Fuente:
Biomolecules - Revista científica (MDPI)
Biomolecules, Vol. 16, Pages 193: Obesogenic Inflammatory Memory: A New Concept Related to the Dangerous Effects of Weight Cycling
Biomolecules doi: 10.3390/biom16020193
Authors:
María del Carmen Navarro
María Dolores Hinchado
Elena Bote
Isabel Gálvez
Eduardo Otero
Miguel Palomino-Segura
Leticia Martín-Cordero
Eduardo Ortega
Obesity is associated with profound metabolic, inflammatory, and neurobehavioral dysfunctions. Dietary interventions leading to weight loss are commonly employed, yet it remains unclear whether all obesity-related alterations are fully reversed upon reaching normal body weight. Poor adherence to dietary regimens often results in weight cycling, or yo-yo dieting, characterized by repeated episodes of weight gain and loss, a phenomenon linked to adverse health outcomes. Here, we investigated the consequences of weight cycling in C57BL/6J mice. The Control Group was maintained on a standard chow diet throughout the protocol, whereas the experimental group underwent two alternating cycles of high-fat diet feeding (weight gain) and standard diet reversion (weight loss), until the end of the protocol where both groups reached 80 weeks of age.

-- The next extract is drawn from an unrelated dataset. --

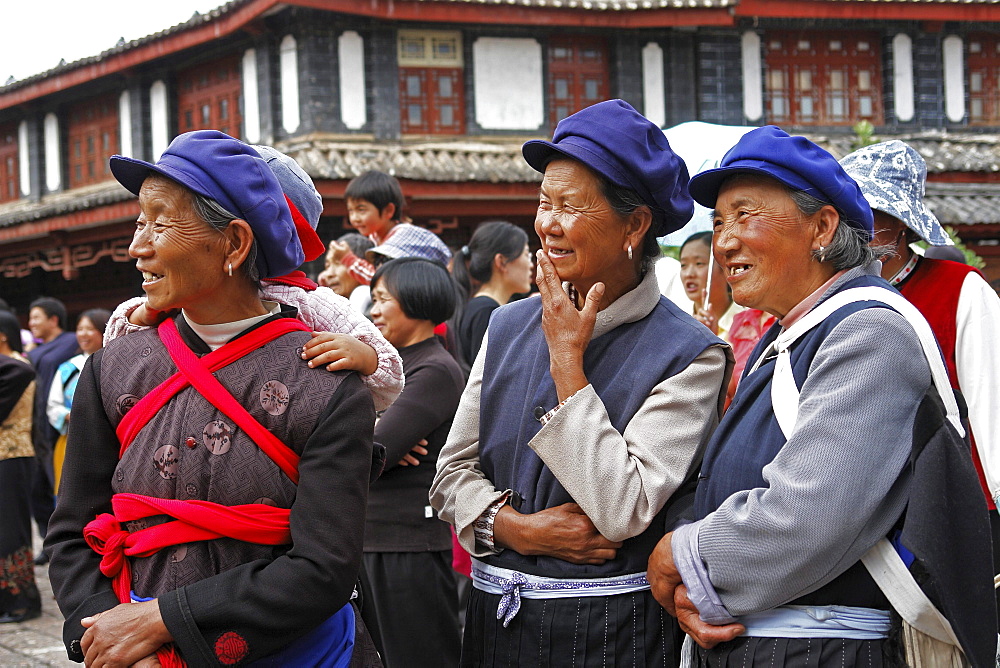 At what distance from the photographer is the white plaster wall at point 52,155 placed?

Despite achieving a final body weight and glucose and lipid metabolic profile comparable to lean controls, weight-cycled mice exhibited impaired sensorimotor function, increased anxiety-like behavior (evaluated through behavioral tests), and persistent inflammation, including a peritoneal macrophage pro-inflammatory profile and adipose tissue infiltration. We define this phenomenon as “obesogenic inflammatory memory”, highlighting that obesity leaves an immunological imprint that sustains inflammation even after normalization of weight and metabolic parameters. These findings demonstrate that weight cycling is associated with chronic macrophage-mediated inflammatory states, linked to long-term behavioral and neurological manifestations, and opening new avenues for future investigation and therapeutic approaches.